> _How to complete this task_: Using the records below, repeat exactly the lines from the one holding "Trending Issues Noted" through the one holding "disclosures are omitted", both ends included, and no others.

> _Material provided_:
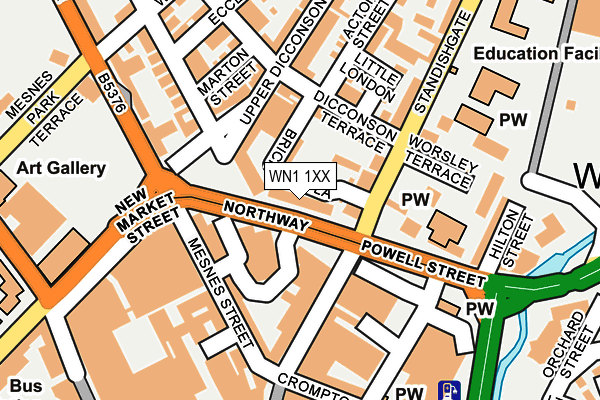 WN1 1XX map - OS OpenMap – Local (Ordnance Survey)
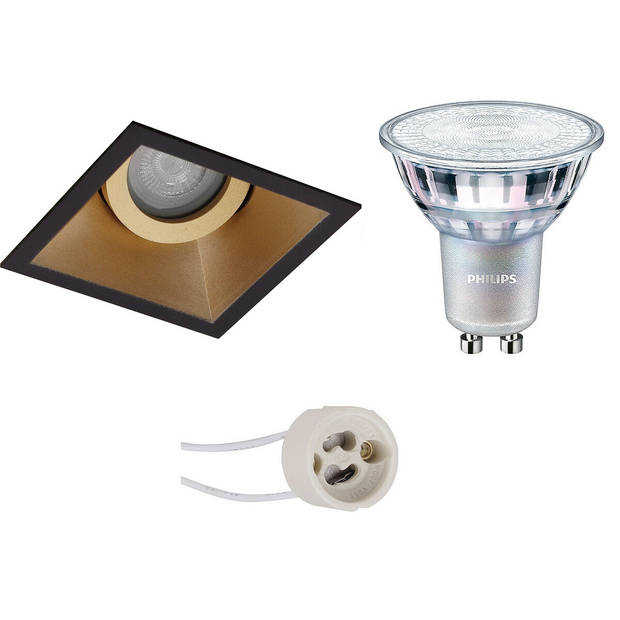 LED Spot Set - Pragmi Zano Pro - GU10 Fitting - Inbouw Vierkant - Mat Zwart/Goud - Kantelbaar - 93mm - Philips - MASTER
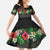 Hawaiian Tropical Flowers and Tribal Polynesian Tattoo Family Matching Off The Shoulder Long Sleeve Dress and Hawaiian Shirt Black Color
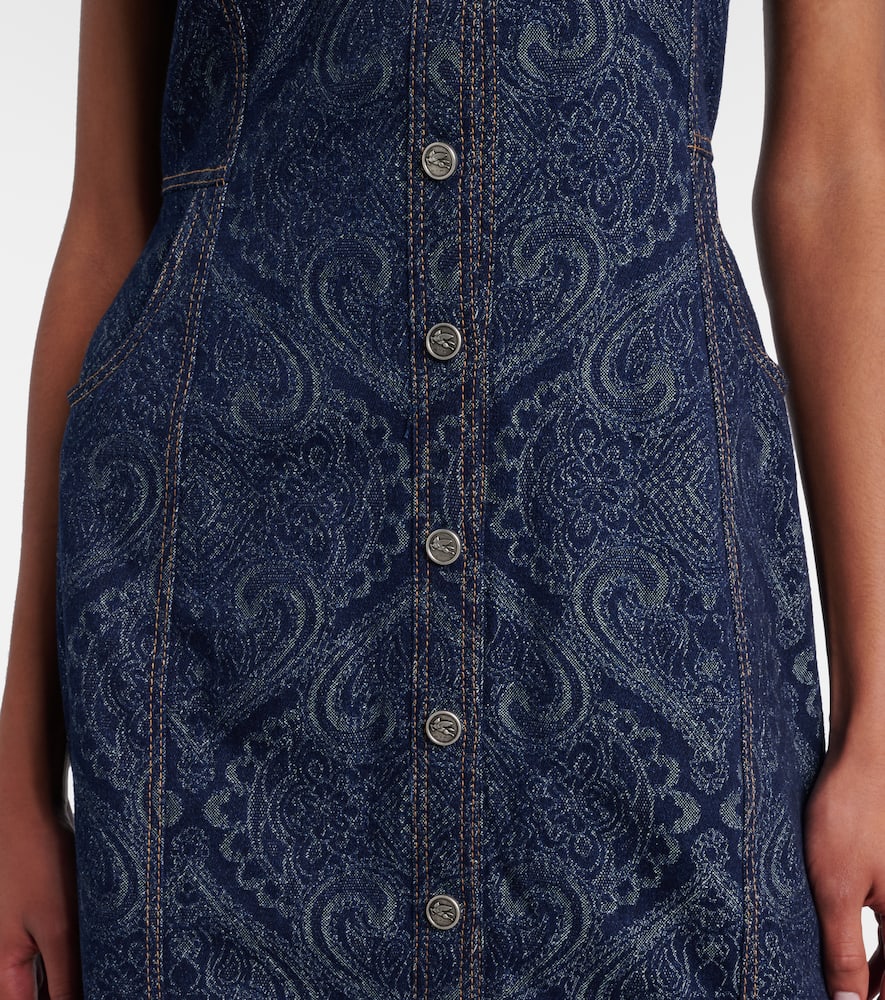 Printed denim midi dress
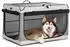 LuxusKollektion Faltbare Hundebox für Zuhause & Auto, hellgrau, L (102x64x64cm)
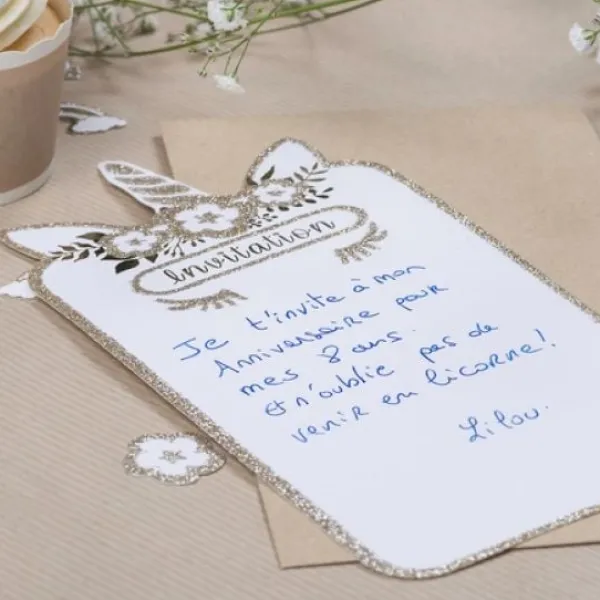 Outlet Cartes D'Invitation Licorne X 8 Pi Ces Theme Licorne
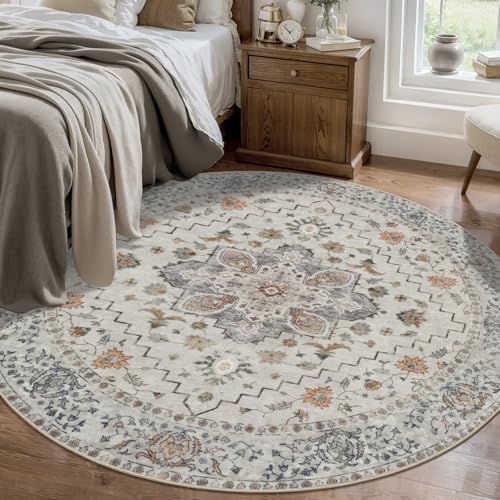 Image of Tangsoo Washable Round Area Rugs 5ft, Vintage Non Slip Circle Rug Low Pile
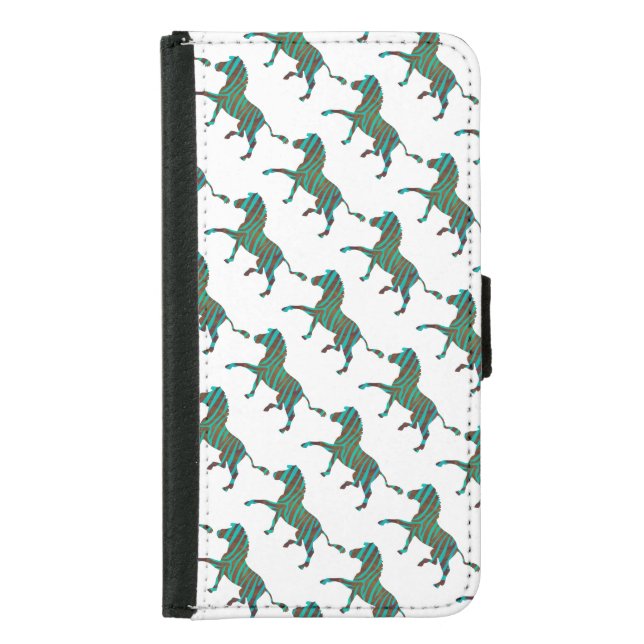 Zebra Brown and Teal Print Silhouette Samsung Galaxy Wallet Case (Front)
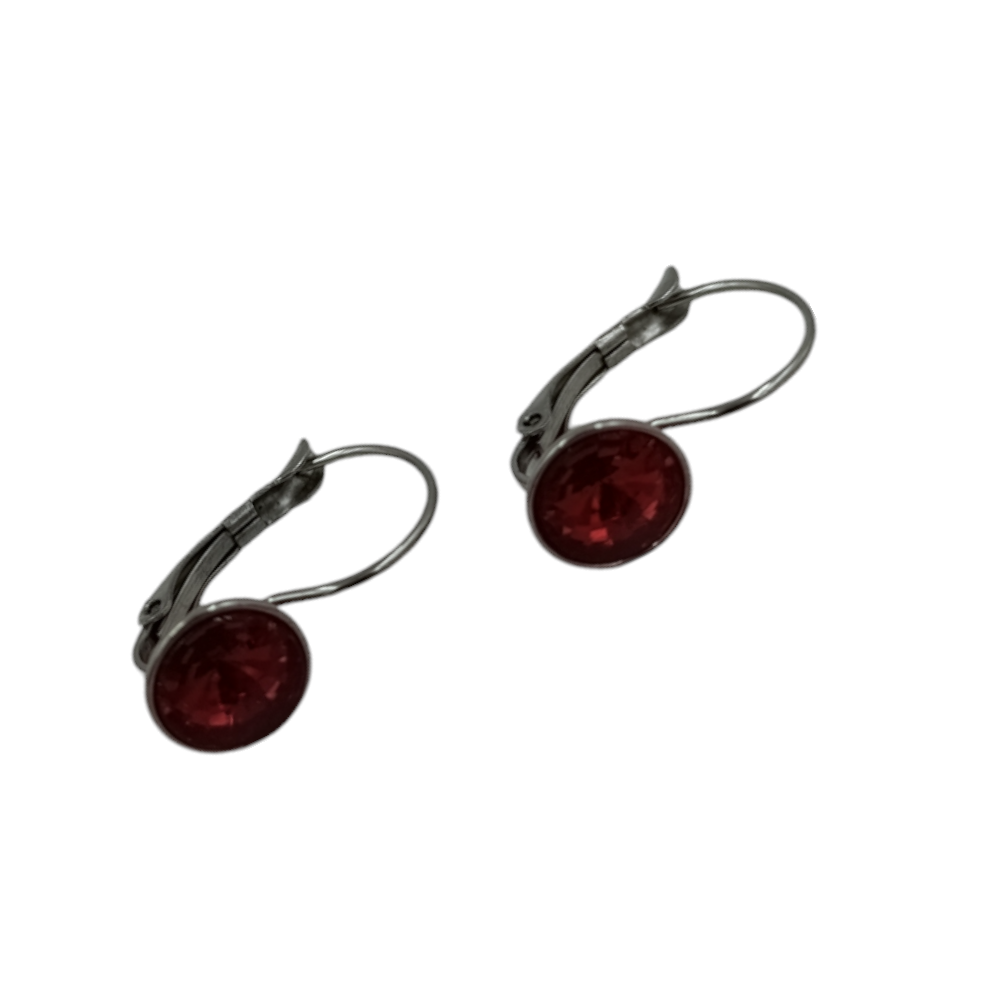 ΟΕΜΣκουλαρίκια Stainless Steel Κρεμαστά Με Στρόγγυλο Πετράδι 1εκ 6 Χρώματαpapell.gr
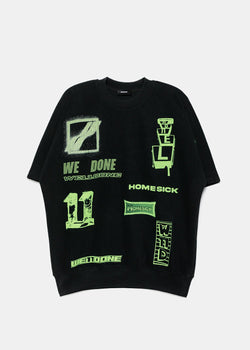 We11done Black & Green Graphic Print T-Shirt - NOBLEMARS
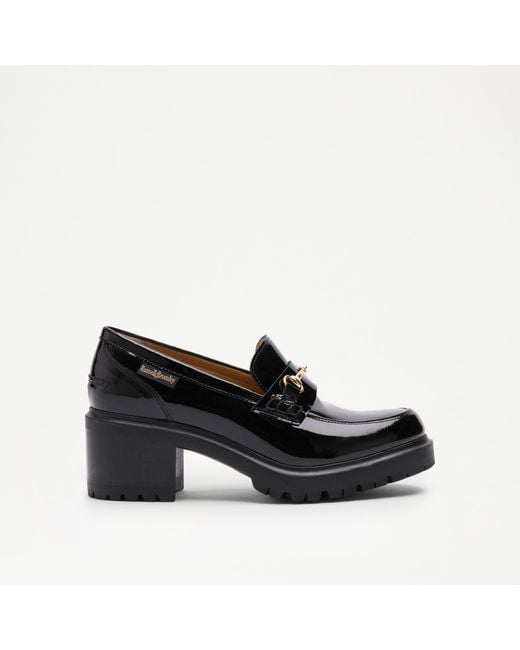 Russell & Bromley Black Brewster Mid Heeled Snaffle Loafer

* * *

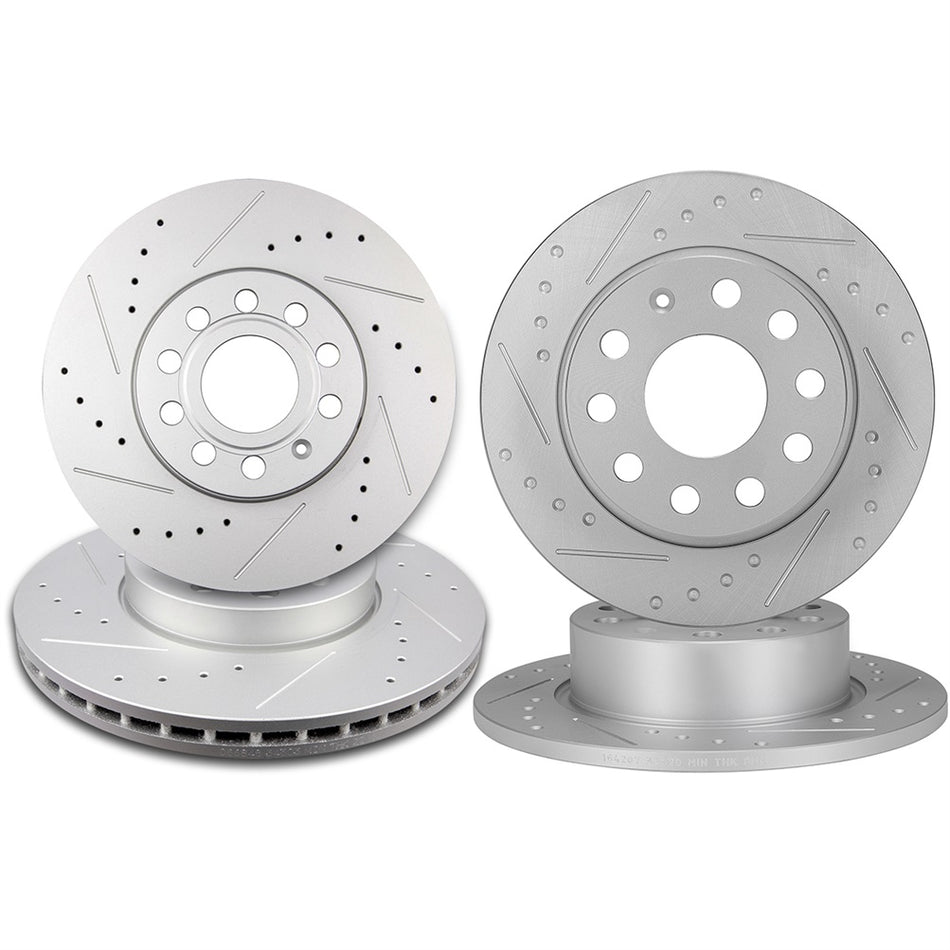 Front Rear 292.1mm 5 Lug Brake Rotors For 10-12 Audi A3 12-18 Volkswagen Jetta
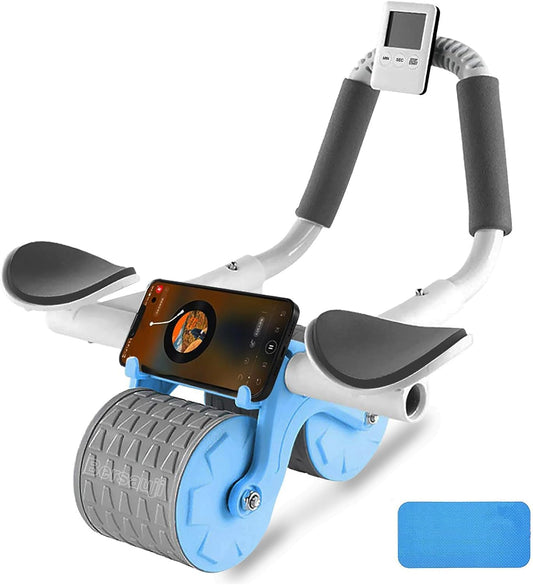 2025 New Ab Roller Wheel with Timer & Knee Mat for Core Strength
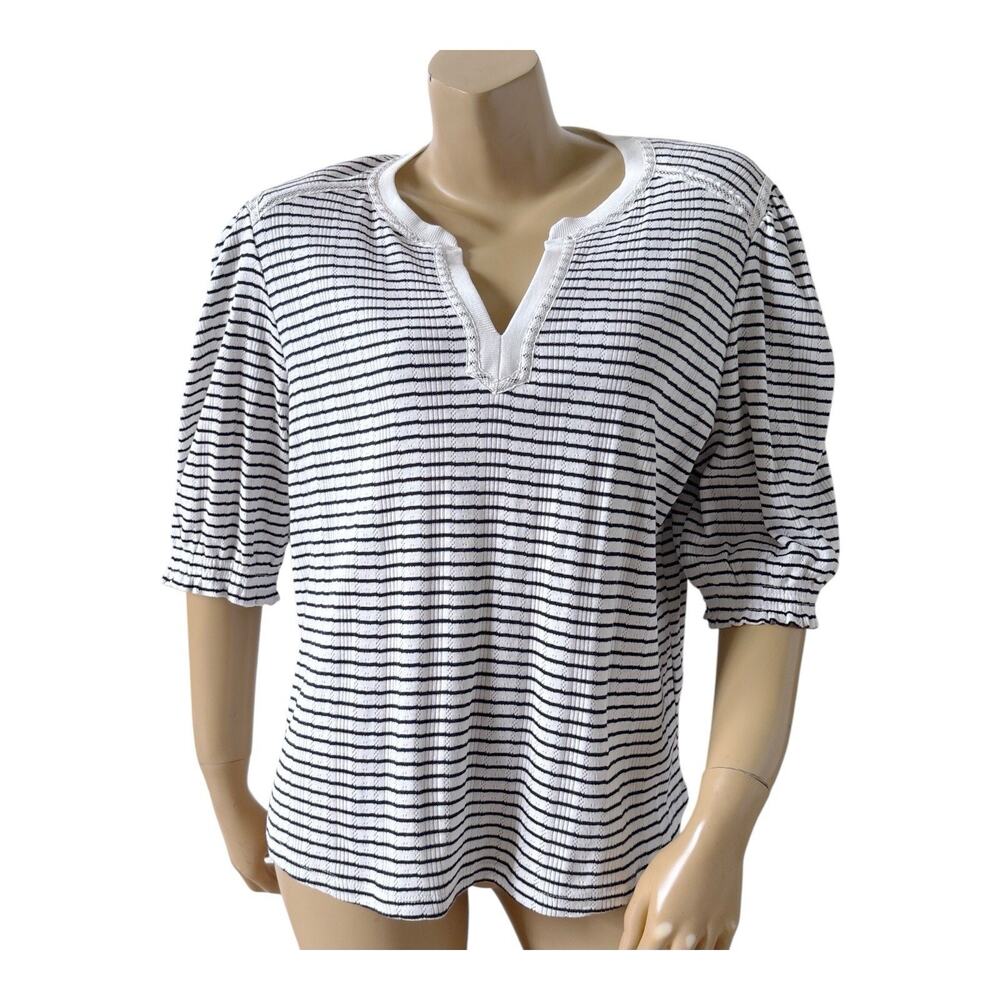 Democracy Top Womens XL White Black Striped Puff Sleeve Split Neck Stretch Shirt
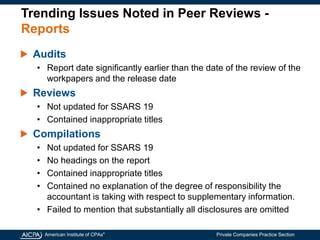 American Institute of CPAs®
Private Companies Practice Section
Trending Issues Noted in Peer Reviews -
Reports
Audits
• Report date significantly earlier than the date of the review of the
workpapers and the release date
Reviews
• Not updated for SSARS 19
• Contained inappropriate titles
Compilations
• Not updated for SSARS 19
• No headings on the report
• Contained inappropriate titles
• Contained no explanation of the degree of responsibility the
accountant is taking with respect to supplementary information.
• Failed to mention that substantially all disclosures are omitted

> _Response box_:
Trending Issues Noted in Peer Reviews -
Reports
Audits
• Report date significantly earlier than the date of the review of the
workpapers and the release date
Reviews
• Not updated for SSARS 19
• Contained inappropriate titles
Compilations
• Not updated for SSARS 19
• No headings on the report
• Contained inappropriate titles
• Contained no explanation of the degree of responsibility the
accountant is taking with respect to supplementary information.
• Failed to mention that substantially all disclosures are omitted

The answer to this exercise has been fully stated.